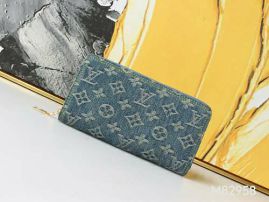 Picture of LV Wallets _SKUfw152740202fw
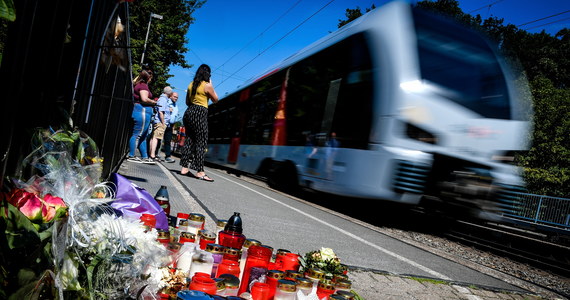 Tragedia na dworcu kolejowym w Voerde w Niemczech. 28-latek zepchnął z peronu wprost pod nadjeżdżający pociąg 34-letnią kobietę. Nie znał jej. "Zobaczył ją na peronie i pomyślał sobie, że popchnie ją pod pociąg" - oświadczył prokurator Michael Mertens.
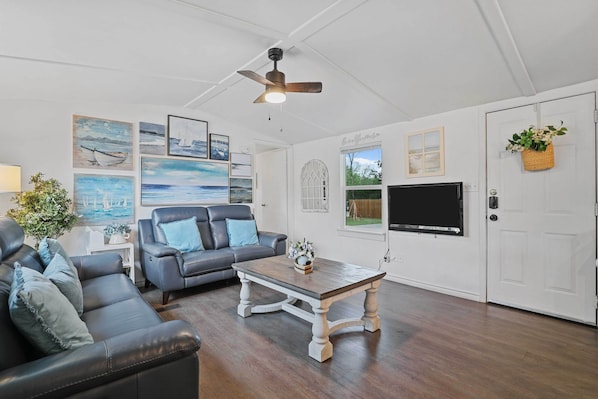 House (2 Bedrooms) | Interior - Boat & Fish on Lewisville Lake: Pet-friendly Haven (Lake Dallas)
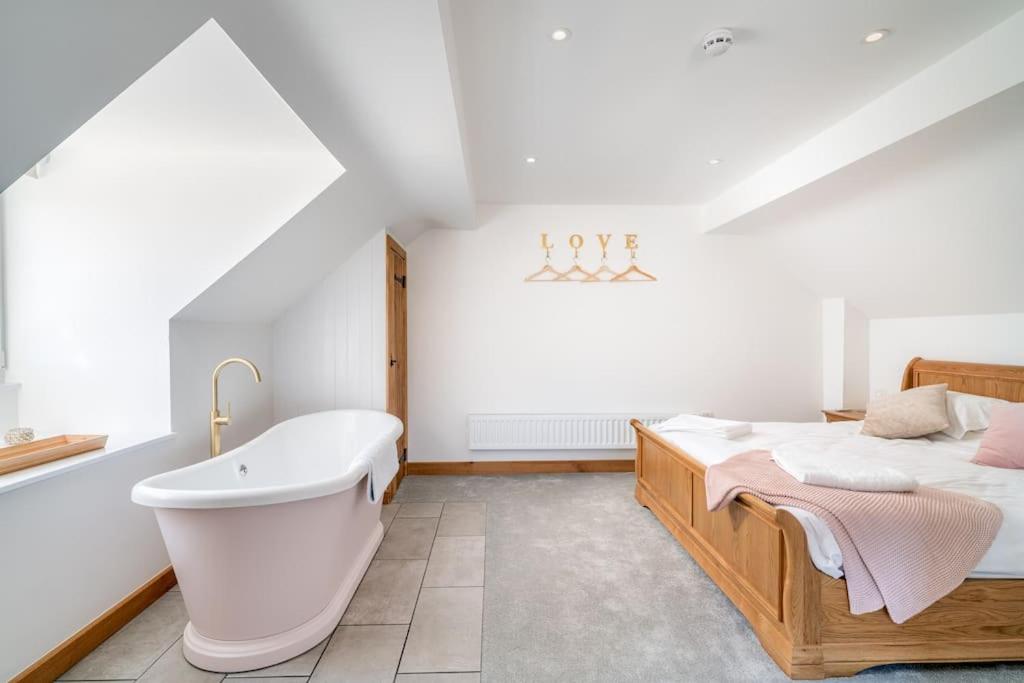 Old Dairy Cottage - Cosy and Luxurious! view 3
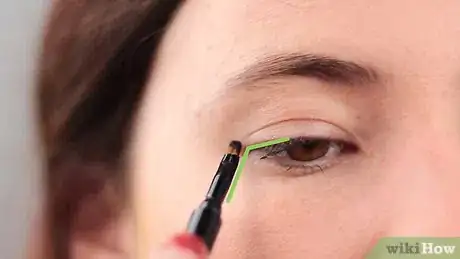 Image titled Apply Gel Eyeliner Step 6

******************************

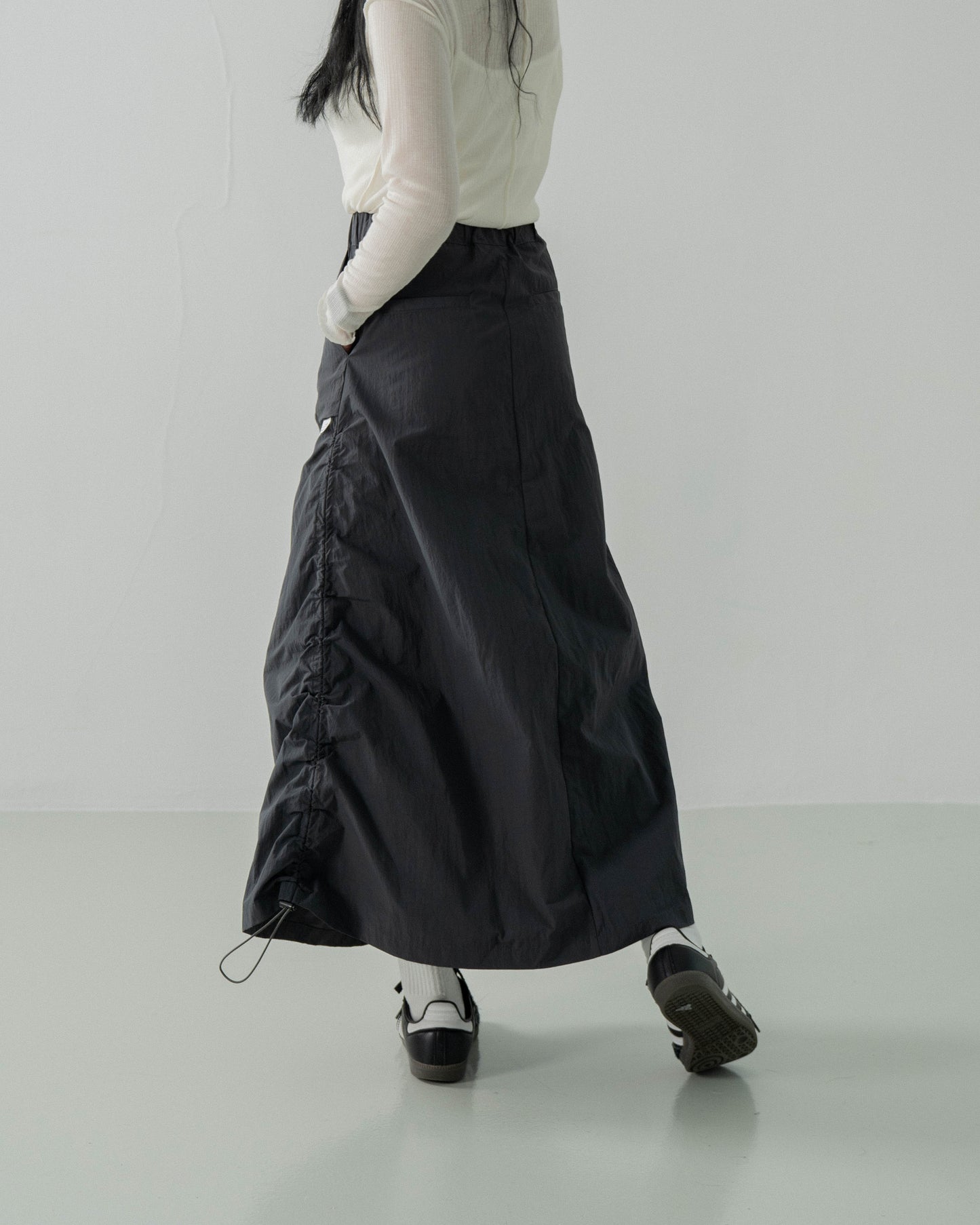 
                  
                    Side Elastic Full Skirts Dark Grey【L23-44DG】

******************************

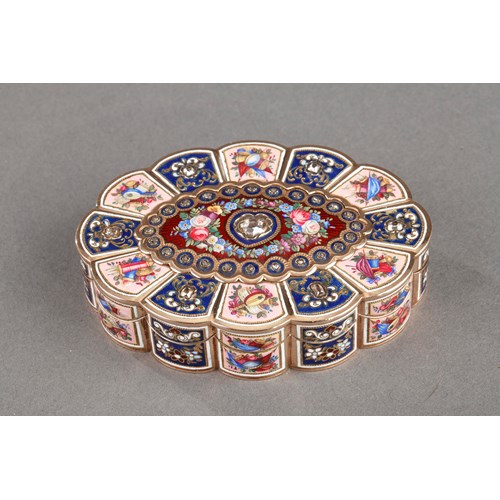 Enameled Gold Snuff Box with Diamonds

******************************

> _Task brief_: What is needed is an exact copy of only the lines above from the one with "Picture of LV Wallets _SKUfw152740202fw" to the one with "Image titled Apply Gel Eyeliner Step 6", both kept, with every picture left out.

> _Task response_:
 Picture of LV Wallets _SKUfw152740202fw
 Tragedia na dworcu kolejowym w Voerde w Niemczech. 28-latek zepchnął z peronu wprost pod nadjeżdżający pociąg 34-letnią kobietę. Nie znał jej. "Zobaczył ją na peronie i pomyślał sobie, że popchnie ją pod pociąg" - oświadczył prokurator Michael Mertens.
 House (2 Bedrooms) | Interior - Boat & Fish on Lewisville Lake: Pet-friendly Haven (Lake Dallas)
 Old Dairy Cottage - Cosy and Luxurious! view 3
 Image titled Apply Gel Eyeliner Step 6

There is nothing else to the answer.